The taxman reckons the tax evasion schemes include filing of fictitious value-added tax (VAT) invoices to evade paying taxes running into billions of shillings.

Additionally, the KRA said that other firms have been faking invoices to inflate purchases of inputs in a bid to cut their VAT obligations.

The KRA flagged firms in the construction, importation of hardware and household goods, scrap metal dealers and importers of electronic items including mobile phones for under-declaring VAT dues.

Others, especially wealthy individuals, have been hiding their sources of income while engaging in luxury spending and accumulation of property including purchase of homes and high-end cars.

The KRA enforcement unit has been using various databases to pursue suspected tax cheats, among them bank statements, import records, motor vehicle registration details, Kenya Power records, water bills and data from the Kenya Civil Aviation Authority (KCCA), which reveals individuals who own assets such as helicopters.

Car registration details are also being used to smoke out individuals who are driving high-end vehicles but have little to show in terms of taxes remitted.

Kenya Power meter registrations are helping the taxman to identify landlords, some of whom have been slapped with huge tax demands.

The KRA has hired a team of auctioneers to help it track the properties of the individuals and companies who have failed to pay the taxes due.

Vehicles, land, homes, office blocks and workplace equipment will be on the KRA radar at a time the taxman has stepped up the war against tax cheats.

CEOs and other top managers of tax-evading companies could be barred from flying out of the country if the restrictions on flights imposed to limit spread of Covid-19 are lifted. Individuals and companies targeted are those that have lost disputes against the KRA in court or at the tax tribunal.

Should the KRA make good its threat to deregister the PINs, this will mean that the affected individuals and businesses will be cut off from making transactions that require proof of active registration as a taxpayer.

The list of transactions that requires proof of an active PIN certificate includes registration of land titles, approval of development plans, registration, transfer and licensing of motor vehicles and registration of business names and companies.

Others are underwriting of insurance policies, customs clearing and forwarding, payment of deposits for power connections, supplying goods and services to the State, as well as opening accounts with financial institutions.

Employers would also be committing a crime if they wire salaries to the accounts of workers whose PINs have been deactivated.

The KRA stepped up its fight against tax evasion and sought additional funding to hire 1,000 intelligence and enforcement officers in an effort to beef up the investigations on wealthy individuals and firms.

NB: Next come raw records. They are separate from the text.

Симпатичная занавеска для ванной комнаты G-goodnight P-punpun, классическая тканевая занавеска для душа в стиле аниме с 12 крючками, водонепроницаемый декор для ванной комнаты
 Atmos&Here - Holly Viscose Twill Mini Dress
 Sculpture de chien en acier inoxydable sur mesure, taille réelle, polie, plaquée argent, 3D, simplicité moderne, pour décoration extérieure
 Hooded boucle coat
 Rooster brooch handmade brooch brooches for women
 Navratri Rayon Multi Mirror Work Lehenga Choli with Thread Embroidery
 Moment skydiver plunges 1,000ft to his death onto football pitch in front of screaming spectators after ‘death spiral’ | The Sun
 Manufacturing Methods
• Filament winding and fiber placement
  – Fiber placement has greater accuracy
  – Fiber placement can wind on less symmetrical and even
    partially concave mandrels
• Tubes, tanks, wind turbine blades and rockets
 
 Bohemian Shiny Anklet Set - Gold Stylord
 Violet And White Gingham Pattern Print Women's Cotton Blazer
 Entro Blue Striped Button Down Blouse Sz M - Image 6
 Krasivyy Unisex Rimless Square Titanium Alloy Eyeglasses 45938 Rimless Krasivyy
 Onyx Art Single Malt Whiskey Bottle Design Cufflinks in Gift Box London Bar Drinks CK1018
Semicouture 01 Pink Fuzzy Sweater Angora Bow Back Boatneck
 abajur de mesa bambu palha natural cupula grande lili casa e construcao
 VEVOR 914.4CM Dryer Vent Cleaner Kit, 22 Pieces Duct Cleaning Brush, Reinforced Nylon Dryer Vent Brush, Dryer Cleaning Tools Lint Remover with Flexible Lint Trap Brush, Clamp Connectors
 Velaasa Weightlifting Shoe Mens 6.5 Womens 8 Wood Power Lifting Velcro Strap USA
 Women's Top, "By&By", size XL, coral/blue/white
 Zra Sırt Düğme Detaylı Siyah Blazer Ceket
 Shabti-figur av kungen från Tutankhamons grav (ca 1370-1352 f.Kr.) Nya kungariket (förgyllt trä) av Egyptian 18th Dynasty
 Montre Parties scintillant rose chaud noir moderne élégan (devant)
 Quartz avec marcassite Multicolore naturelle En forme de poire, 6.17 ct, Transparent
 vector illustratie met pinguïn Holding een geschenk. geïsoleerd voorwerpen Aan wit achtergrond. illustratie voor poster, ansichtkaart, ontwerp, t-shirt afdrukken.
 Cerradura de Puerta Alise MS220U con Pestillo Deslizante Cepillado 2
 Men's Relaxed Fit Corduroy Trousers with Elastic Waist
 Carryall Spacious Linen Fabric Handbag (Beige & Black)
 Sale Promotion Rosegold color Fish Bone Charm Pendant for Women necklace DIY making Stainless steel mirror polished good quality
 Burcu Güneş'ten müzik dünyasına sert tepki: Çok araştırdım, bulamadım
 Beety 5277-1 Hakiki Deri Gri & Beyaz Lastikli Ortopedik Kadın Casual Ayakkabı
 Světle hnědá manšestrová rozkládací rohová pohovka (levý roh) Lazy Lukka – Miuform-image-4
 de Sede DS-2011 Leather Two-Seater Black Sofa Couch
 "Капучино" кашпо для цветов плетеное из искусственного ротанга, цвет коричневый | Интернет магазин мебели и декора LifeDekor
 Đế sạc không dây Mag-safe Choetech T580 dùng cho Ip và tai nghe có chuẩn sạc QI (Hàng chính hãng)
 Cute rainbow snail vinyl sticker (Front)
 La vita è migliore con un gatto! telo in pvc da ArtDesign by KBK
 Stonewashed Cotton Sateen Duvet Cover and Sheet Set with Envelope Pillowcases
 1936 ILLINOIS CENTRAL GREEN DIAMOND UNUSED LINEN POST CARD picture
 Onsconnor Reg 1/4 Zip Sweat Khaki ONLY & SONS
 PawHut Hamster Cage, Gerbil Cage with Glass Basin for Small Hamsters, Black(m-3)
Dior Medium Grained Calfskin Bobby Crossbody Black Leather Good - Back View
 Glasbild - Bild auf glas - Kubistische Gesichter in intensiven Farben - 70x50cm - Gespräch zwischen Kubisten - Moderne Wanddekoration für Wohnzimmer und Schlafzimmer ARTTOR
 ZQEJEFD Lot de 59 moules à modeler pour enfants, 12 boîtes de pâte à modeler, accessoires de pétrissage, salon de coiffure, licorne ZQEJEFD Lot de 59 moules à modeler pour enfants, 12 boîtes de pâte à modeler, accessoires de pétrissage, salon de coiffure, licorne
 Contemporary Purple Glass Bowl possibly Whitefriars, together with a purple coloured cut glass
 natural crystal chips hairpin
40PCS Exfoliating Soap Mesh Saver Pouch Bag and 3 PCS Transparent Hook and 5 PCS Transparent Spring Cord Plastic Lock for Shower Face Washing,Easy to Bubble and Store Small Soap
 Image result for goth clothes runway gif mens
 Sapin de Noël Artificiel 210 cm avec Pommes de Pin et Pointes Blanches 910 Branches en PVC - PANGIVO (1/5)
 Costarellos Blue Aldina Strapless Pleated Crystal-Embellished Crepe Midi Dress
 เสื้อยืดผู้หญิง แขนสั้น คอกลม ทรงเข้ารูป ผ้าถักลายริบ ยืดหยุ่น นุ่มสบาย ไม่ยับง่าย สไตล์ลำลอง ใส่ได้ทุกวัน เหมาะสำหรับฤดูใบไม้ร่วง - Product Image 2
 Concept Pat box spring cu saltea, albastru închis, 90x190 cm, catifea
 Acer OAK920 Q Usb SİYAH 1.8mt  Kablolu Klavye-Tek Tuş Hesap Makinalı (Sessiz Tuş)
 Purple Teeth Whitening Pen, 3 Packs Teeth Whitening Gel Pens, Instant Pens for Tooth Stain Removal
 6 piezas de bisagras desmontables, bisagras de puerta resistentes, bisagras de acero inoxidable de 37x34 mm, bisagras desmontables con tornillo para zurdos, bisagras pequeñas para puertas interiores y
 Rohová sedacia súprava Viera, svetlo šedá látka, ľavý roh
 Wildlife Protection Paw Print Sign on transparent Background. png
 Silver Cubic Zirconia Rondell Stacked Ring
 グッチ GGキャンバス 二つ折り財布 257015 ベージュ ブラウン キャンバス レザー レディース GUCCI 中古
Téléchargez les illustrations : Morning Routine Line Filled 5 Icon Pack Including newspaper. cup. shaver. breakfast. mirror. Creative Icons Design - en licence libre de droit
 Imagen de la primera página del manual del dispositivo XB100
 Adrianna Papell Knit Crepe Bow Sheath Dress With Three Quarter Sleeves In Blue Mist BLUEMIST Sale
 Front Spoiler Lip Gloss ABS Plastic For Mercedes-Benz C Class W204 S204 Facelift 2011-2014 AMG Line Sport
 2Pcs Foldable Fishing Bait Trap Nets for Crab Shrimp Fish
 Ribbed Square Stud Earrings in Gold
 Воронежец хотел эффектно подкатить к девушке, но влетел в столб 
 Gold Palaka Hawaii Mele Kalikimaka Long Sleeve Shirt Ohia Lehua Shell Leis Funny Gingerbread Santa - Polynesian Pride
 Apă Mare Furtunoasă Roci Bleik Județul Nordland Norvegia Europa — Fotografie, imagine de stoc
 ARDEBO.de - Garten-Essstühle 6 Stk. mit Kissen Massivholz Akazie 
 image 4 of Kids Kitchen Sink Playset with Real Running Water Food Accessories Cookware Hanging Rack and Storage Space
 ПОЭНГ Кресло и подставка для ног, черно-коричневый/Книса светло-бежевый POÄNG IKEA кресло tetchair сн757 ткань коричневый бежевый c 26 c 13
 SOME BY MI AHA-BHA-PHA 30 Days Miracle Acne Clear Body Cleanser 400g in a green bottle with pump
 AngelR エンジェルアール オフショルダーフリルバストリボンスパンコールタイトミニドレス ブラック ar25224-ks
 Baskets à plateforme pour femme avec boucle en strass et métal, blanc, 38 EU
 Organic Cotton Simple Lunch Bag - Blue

President Uhuru Kenyatta in November last year directed the revenue agency to hunt down wealthy individuals and firms that have for years evaded paying taxes and denied the country money to fund development projects.

Reduced business activity, layoffs and pay cuts that followed the imposition of restrictions to curb the spread of Covid-19 also reduced opportunities for the KRA to raise tax collections.

Government spending on development projects like roads, power plants and water infrastructure was hit by the lower revenue collection, further hurting the economy.

State spending puts money in the pockets of workers as well as private firms linked to infrastructure works.

This, in turn, affects suppliers and subcontractors down the value chain.